I'm just going to postulate that this set of forms does not accurately depict any individual's decline in mental capacity accurately--in particular when you're dealing with someone who nearly had to go to college 3 years early, and only avoided that due to his parents' overwhelming generosity and desire to keep him a kid as long as he could be--and paid a ridiculous amount of tuition to send him away to a private boarding school to make that happen. I'm forever indebted to them for that--I got to experience my final years in high school that I might not have ever had without their foresight.

The problems I'm having are things like not being able to maintain a train of thought long enough to write an algorithm to calculate a matrix of partial derivatives for an optimization problem I was working on.  And for some reason, it's more important that a four page form be filled out that attempts to assess mental issues than it is that my psychiatrist and psychologist have concluded that I need to be out to recover.  And to further complicate these issues, this form has to be reassessed every 4 weeks, potentially because there is apparently distrust in my doctors' trained and professional capabilities in determining when I will be ready to return to normal life.  I want to get back to work--I just want to do it in a way that minimizes my chances of relapse.

My therapist told me that there was noticeable 'motor retardation' at my last visit, but it was improving.  I'm having issues with insomnia still, but that's improving.  I'm on increased dosages of drugs to help with these things, and my psychiatrist wants to leave them where they're at to see how I stabilize over the next few weeks.  It takes me significantly longer to do things than it used to.  Like all day long to pay the bills rather than the hour or so it used to take me.

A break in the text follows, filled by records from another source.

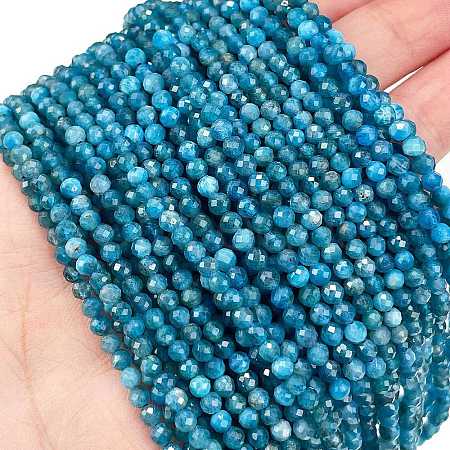 Natural Apatite Beads Strands X-G-Z057-B02-02-1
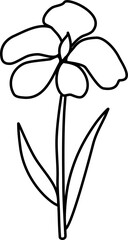 line art iris minimal doodle hand drawn cute botanical and animal objects. Simple modern Spring garden vector elements illustration.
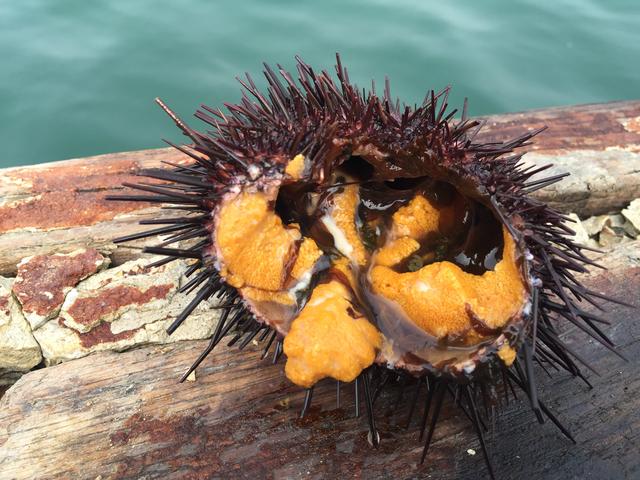 端午海岛旅游攻略,端午海岛游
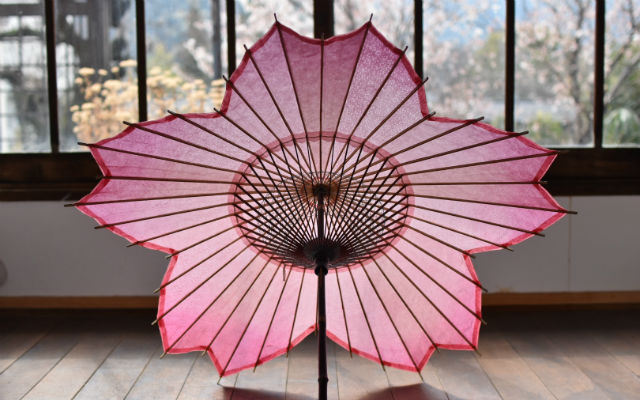 Beautiful Japanese Traditional Paper Sakura Umbrella Is Perfect For Cherry Blossom Season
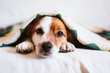 © Eva - cute jack russell dog covered with ethnic blanket sitting on the couch at home. Lifestyle indoors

My therapist told me that writing will help me--I just looked at my blog and noticed I haven't posted anything for a very long time.  He also told me that going out and being social is critical. That working out will help--I'm doing well at getting in one workout a day, but not so well at the remainder of training I would like to be doing.  I'm trying to feed myself enough, and I managed to make a banana cream pie for my husband's birthday, though it took longer than I expected and barely set up before we dug into it at the end of the day.

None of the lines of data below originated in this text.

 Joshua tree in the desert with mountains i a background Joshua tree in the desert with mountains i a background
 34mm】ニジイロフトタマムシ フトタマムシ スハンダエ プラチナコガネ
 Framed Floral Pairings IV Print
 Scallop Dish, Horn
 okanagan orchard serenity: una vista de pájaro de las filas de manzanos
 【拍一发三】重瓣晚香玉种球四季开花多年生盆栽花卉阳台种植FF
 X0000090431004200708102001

I don't respond to conversation at a normal cadence and find myself searching for words I can't quite seem to remember, so sometimes, I just need a pause to keep going.  You know, like when I wanted to have lunch at that brothy, noodle place down the street...what was it...oh yeah...Pho. 

So sometimes, I just need an extra minute to keep going.  I'm eventually going to be okay, but for now it's okay to not be okay.